Pathogenic variants of the
ADGRG1
gene are associated with bilateral frontoparietal polymicrogyria, defined radiologically by polymicrogyria with an anterior-posterior gradient, pontine and ...cerebellar hypoplasia and patchy white matter abnormalities. We report a novel homozygous
ADGRG1
variant with atypical features. The patient presented at 8 months of age with motor delay, esotropia, hypotonia with hyporeflexia and subsequently developed refractory epilepsy. At the last assessment, aged 12 years, head control, sitting and language were not acquired. Magnetic resonance imaging revealed diffuse polymicrogyria with relative sparing of the anterior temporal lobes, without an anterior-posterior gradient, diffuse hypomyelination and pontine and cerebellar hypoplasia.

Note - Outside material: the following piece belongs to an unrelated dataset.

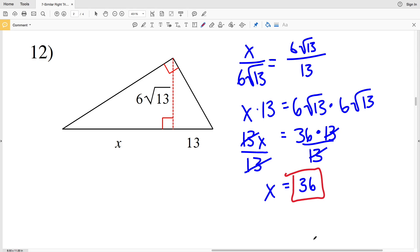Go ahead and click that subscribe button and give me a thumbs up on this video. Join me in the next video where I'll finish out this worksheet completing numbers 13 through 18.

A panel targeting brain morphogenesis defects yielded an unreported homozygous
ADGRG1
nonsense variant (dbSNP rs746634404), present in the heterozygous state in both parents. We report a novel
ADGRG1
variant associated with diffuse polymicrogyria without an identifiable anterior-posterior gradient, diffuse hypomyelination and a severe motor and cognitive phenotype. Our case highlights the phenotypic diversity of
ADGRG1
pathogenic variants and the clinico-anatomical overlap between recognized polymicrogyria syndromes.